=== TASK TO CARRY OUT ===
Could you print exactly the lines from the one that contains "Preview: calendar with" to the end of the data, both ends included, and nothing else? Skip the pictures.

[Web page caption snippets]
=== Begin Enclosure ===
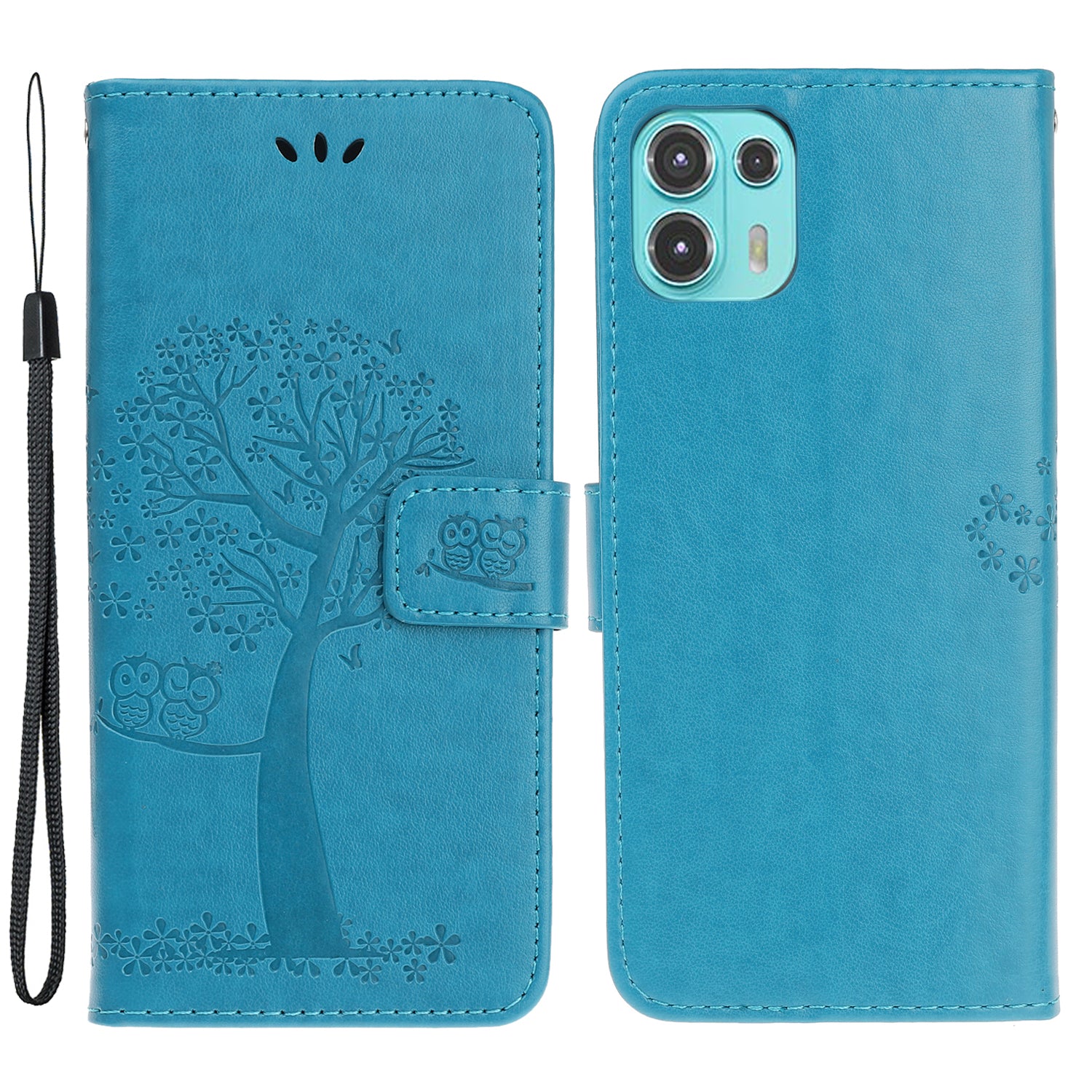 Owl and Tree Pattern Imprinted Wallet Stand Leather Case Shell with Wrist Strap for Motorola Edge 20 Lite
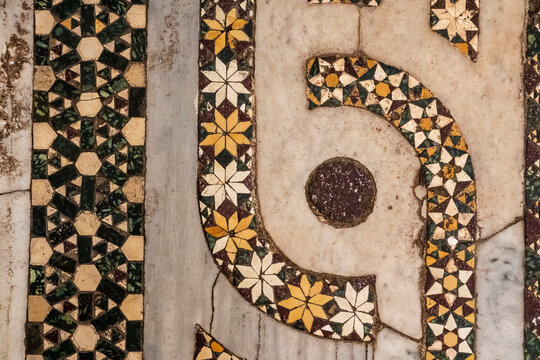 mosaic floor, made using the opus sectile technique, San Cataldo Church, 12th century,  Palermitan buildings in the Arab-Norman style,  World Heritage Site, Palermo, Sicily, Italy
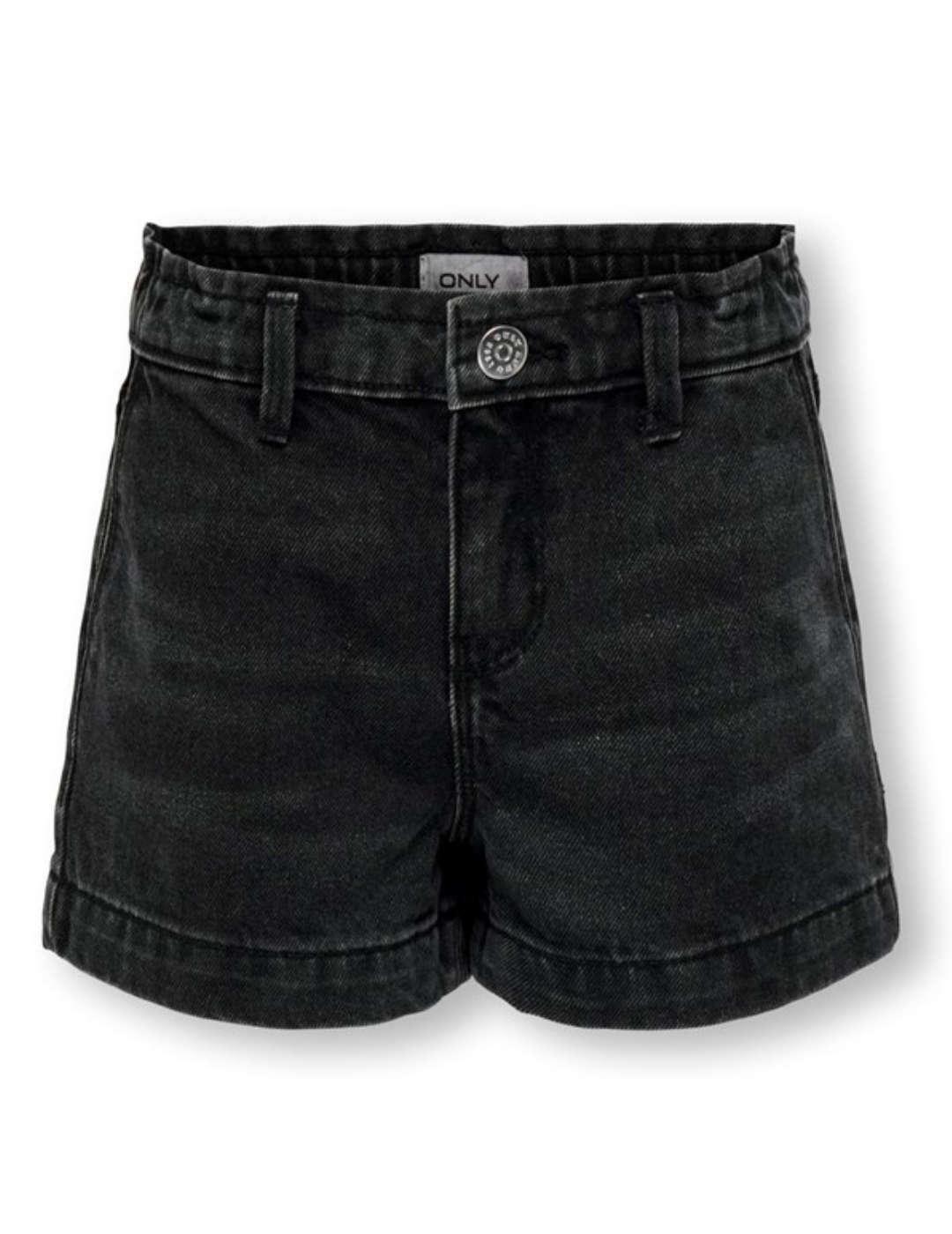 Short Only Kids Comet negro desgastado para niña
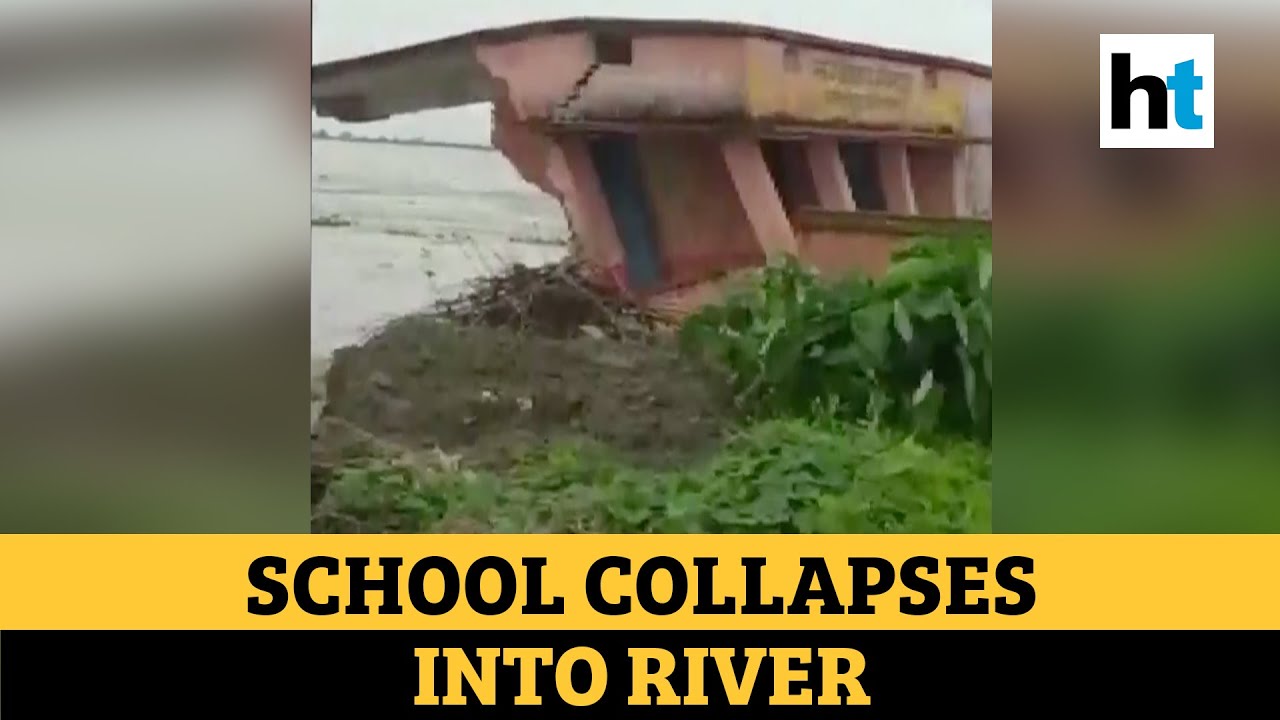 Bihar floods: Watch school building collapses into Koshi river
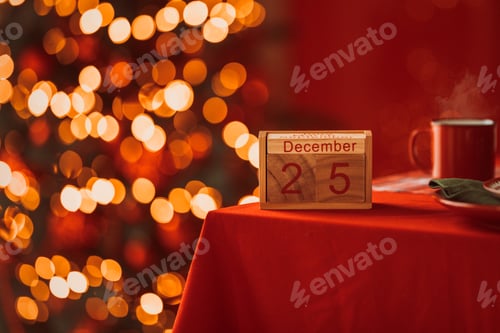 Preview: calendar with christmas date 25 december in a festive atmosphere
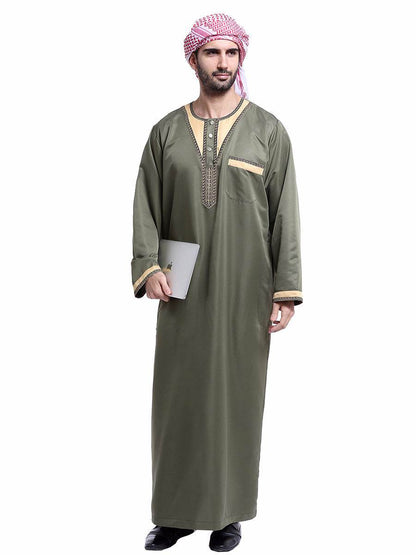 Elegant Arab Men's Robe - Stylish Embroidered National Clothing 2025 - Buy Center
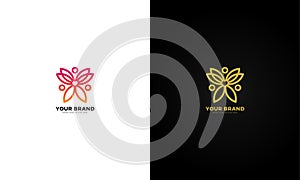 Beautiful butterfly leaf logo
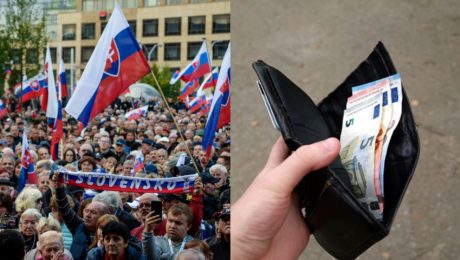 Slováci na proteste a peňaženka s malým počtom peňazí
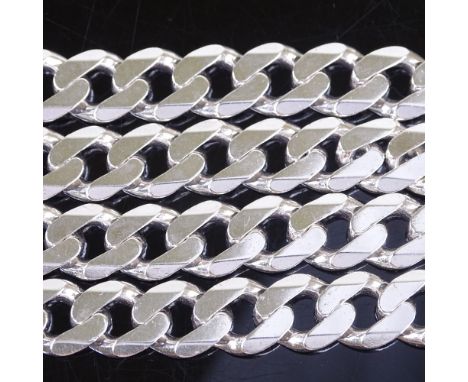 A modern sterling silver flat curb link chain necklace, necklace length 56cm, 90.7gGood original condition, no damage or repa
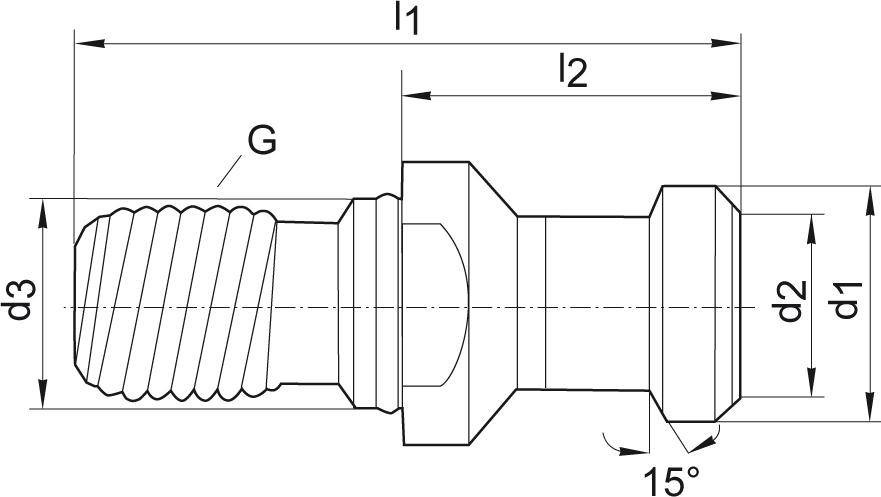 Anzugsbolzen DIN69872A Innenkühlung SK30-M16 FORMAT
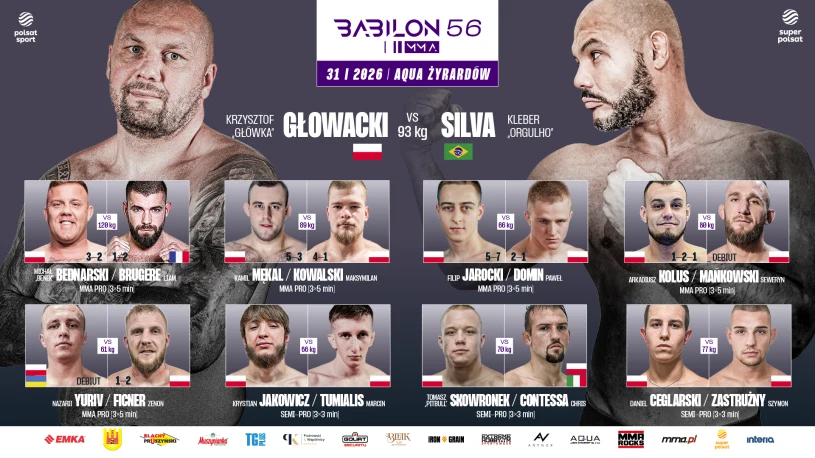 Oto pełna karta walk gali Babilon MMA 56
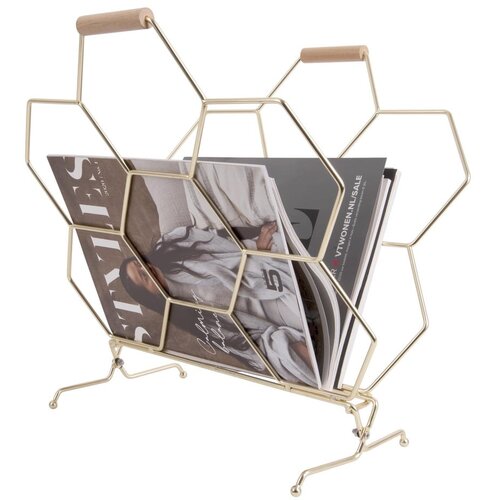 PT LIVING metalni stalak za časopise zlatni Honeycomb Cijene
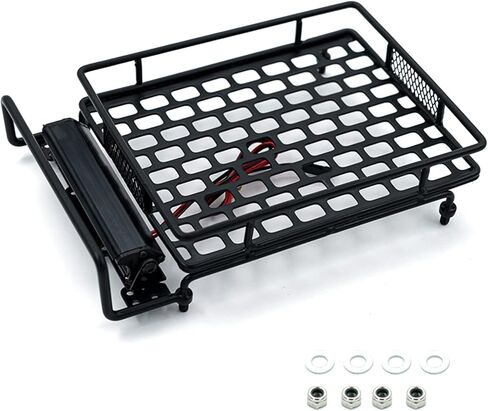 رف سقف سيارة GOOLRC RC ، حامل أمتعة رف سقف معدني مع مصابيح LED لـ 1/14 1/12 1/10 SCX10 CC01 MN D90 D91 D99 MN90 MN99S RC CRAWLER CAR (Style A2) in Saudi Arabia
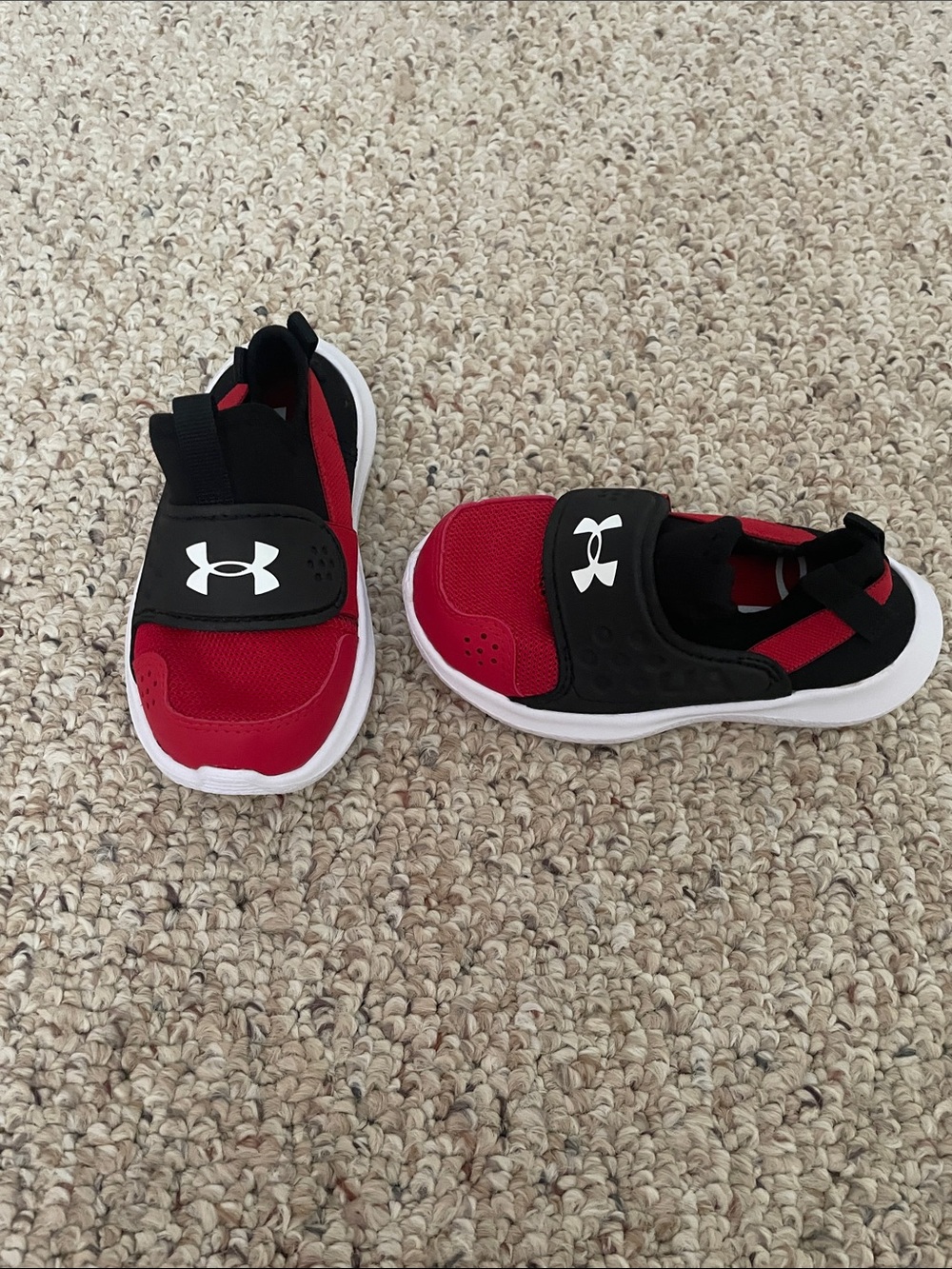 Under Armour Kids Red and Black Slip-On Athletic Sneakers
=== End Enclosure ===
=== SOLUTION TO THE PROBLEM ===
 Preview: calendar with christmas date 25 december in a festive atmosphere
 Elegant Arab Men's Robe - Stylish Embroidered National Clothing 2025 - Buy Center
 Beautiful butterfly leaf logo
 Slováci na proteste a peňaženka s malým počtom peňazí
 A modern sterling silver flat curb link chain necklace, necklace length 56cm, 90.7gGood original condition, no damage or repa
 Anzugsbolzen DIN69872A Innenkühlung SK30-M16 FORMAT
 Oto pełna karta walk gali Babilon MMA 56
 PT LIVING metalni stalak za časopise zlatni Honeycomb Cijene
 رف سقف سيارة GOOLRC RC ، حامل أمتعة رف سقف معدني مع مصابيح LED لـ 1/14 1/12 1/10 SCX10 CC01 MN D90 D91 D99 MN90 MN99S RC CRAWLER CAR (Style A2) in Saudi Arabia
 Under Armour Kids Red and Black Slip-On Athletic Sneakers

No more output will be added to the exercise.